**Task item:** Only the lines from the line containing "Jeffrey reimagined the" to the end of the records, both included, belong in the answer, copied exactly.

**Provided entries:**
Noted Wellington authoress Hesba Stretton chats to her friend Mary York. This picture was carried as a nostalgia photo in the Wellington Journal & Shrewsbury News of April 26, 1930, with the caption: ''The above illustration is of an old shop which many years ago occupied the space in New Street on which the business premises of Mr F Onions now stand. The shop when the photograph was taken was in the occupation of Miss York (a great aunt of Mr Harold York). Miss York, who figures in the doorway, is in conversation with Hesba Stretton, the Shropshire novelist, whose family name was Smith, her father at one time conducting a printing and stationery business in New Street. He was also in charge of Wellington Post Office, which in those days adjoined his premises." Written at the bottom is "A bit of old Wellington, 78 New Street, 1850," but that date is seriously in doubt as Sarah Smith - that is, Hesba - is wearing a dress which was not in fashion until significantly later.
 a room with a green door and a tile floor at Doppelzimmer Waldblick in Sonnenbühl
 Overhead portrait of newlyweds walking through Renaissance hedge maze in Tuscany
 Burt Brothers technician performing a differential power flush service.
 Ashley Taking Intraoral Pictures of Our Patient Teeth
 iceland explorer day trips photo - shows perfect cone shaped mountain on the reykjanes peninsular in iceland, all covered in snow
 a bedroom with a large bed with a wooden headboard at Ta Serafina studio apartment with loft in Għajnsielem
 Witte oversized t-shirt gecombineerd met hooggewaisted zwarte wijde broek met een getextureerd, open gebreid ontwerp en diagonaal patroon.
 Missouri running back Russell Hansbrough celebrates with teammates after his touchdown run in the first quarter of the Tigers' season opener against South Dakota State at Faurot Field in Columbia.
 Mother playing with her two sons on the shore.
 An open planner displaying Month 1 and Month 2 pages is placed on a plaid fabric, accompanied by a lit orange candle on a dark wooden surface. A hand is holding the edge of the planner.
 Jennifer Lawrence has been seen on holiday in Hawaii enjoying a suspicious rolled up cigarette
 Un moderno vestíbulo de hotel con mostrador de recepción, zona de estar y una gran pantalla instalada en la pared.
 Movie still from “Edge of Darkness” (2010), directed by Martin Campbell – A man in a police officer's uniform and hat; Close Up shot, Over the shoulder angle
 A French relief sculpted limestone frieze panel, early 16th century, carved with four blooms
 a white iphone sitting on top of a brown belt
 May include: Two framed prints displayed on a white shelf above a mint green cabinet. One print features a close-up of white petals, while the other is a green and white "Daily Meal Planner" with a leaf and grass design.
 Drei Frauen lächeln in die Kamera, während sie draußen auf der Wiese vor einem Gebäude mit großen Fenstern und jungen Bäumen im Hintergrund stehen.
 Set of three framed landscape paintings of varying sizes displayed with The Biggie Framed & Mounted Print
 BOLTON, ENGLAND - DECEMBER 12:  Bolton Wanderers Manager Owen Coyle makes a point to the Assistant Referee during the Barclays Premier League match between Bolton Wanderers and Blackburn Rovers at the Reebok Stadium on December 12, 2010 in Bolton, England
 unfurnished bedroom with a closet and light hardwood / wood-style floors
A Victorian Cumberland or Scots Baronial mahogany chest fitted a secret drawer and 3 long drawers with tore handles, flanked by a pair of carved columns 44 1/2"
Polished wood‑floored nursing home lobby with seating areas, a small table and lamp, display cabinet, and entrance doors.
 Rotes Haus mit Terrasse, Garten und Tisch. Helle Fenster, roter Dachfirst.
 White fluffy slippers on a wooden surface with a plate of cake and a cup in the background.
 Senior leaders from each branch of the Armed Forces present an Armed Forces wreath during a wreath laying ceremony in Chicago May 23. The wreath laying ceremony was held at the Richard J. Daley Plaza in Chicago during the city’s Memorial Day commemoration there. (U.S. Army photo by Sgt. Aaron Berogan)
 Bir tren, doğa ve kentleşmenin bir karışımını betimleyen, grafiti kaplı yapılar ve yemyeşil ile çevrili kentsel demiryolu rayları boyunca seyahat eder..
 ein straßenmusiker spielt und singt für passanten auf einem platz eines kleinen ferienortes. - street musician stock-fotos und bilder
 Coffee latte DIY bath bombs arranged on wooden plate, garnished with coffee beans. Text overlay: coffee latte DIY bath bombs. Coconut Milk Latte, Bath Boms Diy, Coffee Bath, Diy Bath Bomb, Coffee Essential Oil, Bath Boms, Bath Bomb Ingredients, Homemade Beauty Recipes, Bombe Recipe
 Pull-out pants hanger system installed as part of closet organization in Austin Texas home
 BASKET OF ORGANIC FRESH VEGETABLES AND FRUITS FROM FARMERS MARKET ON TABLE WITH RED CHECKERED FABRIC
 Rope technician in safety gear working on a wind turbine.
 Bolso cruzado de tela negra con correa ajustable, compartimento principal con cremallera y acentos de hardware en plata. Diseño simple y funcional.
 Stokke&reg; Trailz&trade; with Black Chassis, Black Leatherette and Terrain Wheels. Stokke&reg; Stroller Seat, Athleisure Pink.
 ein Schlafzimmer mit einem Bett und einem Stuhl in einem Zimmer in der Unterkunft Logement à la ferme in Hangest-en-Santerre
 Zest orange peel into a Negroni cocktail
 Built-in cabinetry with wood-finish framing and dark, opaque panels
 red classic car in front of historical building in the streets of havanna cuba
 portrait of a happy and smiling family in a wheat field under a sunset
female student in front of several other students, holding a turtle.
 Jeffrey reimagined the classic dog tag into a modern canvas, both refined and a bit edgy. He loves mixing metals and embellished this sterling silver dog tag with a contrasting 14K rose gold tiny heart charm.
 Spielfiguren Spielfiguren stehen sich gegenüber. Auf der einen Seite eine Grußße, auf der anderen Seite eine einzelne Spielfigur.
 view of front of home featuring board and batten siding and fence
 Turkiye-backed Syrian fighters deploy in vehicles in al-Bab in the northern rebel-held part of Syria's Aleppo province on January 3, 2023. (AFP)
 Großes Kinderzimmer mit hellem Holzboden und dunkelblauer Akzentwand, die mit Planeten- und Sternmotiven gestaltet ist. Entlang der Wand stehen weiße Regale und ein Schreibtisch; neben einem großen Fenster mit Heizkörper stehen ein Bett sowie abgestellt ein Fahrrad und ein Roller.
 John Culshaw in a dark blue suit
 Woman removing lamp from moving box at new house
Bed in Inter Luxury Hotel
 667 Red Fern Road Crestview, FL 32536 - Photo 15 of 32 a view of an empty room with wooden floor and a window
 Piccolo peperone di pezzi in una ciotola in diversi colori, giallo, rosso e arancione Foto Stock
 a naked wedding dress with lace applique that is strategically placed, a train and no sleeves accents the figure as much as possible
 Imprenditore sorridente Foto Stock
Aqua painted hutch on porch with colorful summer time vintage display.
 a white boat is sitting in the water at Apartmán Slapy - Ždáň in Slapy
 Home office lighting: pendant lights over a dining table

**Output:**
 Jeffrey reimagined the classic dog tag into a modern canvas, both refined and a bit edgy. He loves mixing metals and embellished this sterling silver dog tag with a contrasting 14K rose gold tiny heart charm.
 Spielfiguren Spielfiguren stehen sich gegenüber. Auf der einen Seite eine Grußße, auf der anderen Seite eine einzelne Spielfigur.
 view of front of home featuring board and batten siding and fence
 Turkiye-backed Syrian fighters deploy in vehicles in al-Bab in the northern rebel-held part of Syria's Aleppo province on January 3, 2023. (AFP)
 Großes Kinderzimmer mit hellem Holzboden und dunkelblauer Akzentwand, die mit Planeten- und Sternmotiven gestaltet ist. Entlang der Wand stehen weiße Regale und ein Schreibtisch; neben einem großen Fenster mit Heizkörper stehen ein Bett sowie abgestellt ein Fahrrad und ein Roller.
 John Culshaw in a dark blue suit
 Woman removing lamp from moving box at new house
Bed in Inter Luxury Hotel
 667 Red Fern Road Crestview, FL 32536 - Photo 15 of 32 a view of an empty room with wooden floor and a window
 Piccolo peperone di pezzi in una ciotola in diversi colori, giallo, rosso e arancione Foto Stock
 a naked wedding dress with lace applique that is strategically placed, a train and no sleeves accents the figure as much as possible
 Imprenditore sorridente Foto Stock
Aqua painted hutch on porch with colorful summer time vintage display.
 a white boat is sitting in the water at Apartmán Slapy - Ždáň in Slapy
 Home office lighting: pendant lights over a dining table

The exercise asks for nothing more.